§ **Aim of the exercise**:
Everything in the listing should be copied exactly, save for the pictures.

-------- Source data

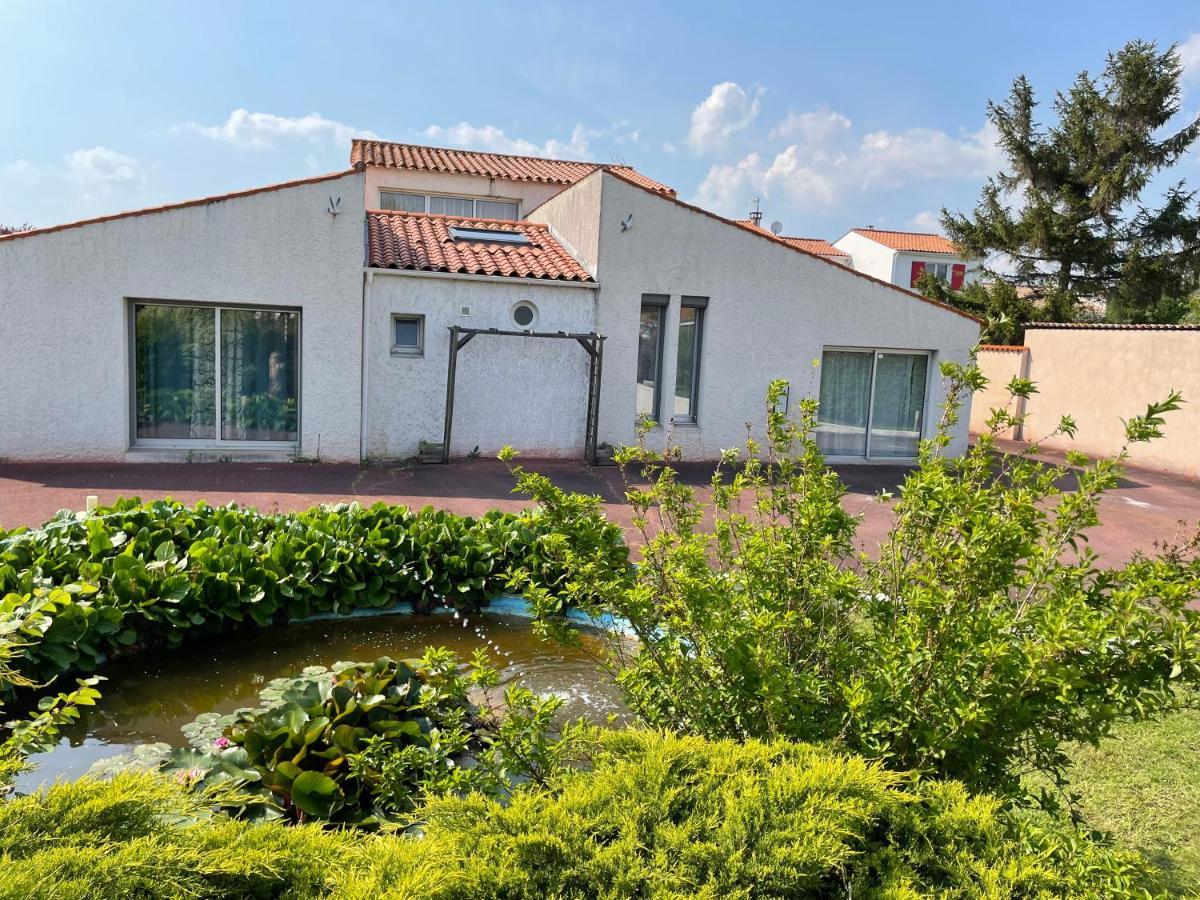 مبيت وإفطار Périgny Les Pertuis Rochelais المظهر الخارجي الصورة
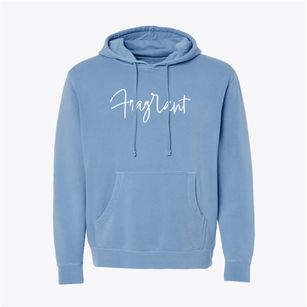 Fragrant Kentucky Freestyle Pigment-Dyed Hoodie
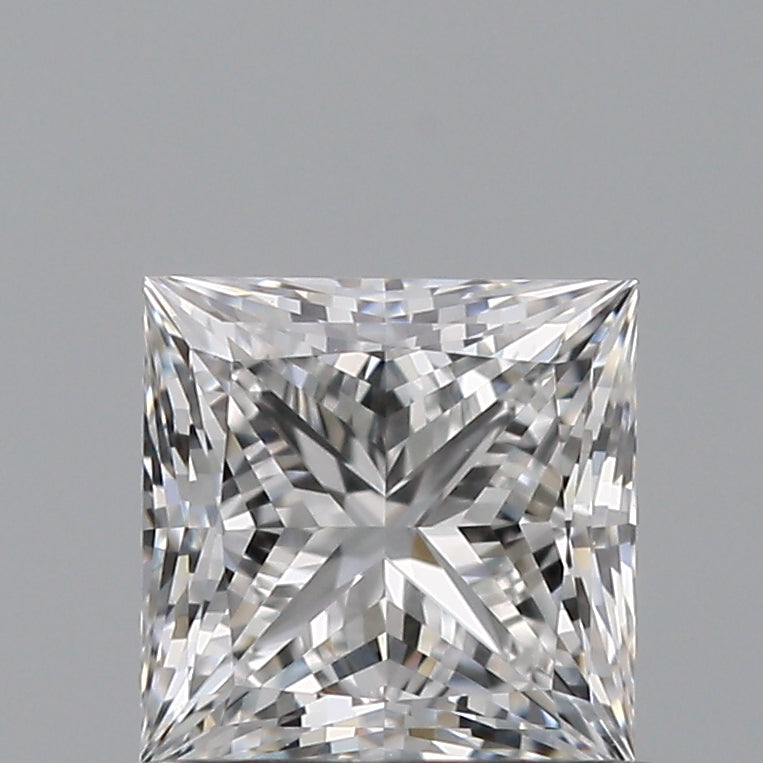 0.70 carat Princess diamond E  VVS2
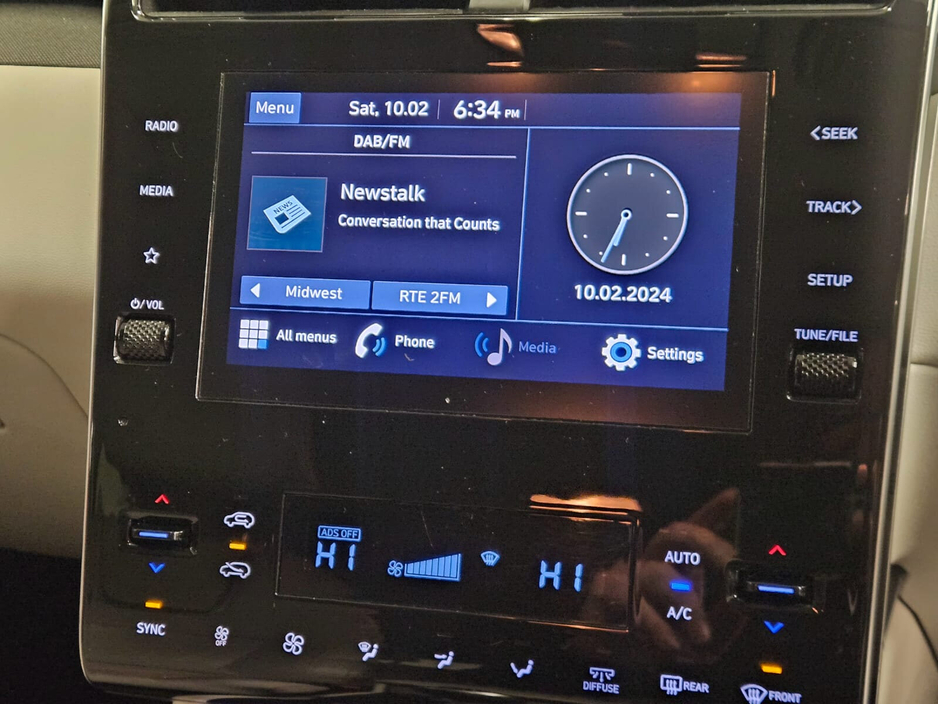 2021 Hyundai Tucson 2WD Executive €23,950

----------------

§ **Written response**:
 مبيت وإفطار Périgny Les Pertuis Rochelais المظهر الخارجي الصورة
 Fragrant Kentucky Freestyle Pigment-Dyed Hoodie
 0.70 carat Princess diamond E  VVS2
 2021 Hyundai Tucson 2WD Executive €23,950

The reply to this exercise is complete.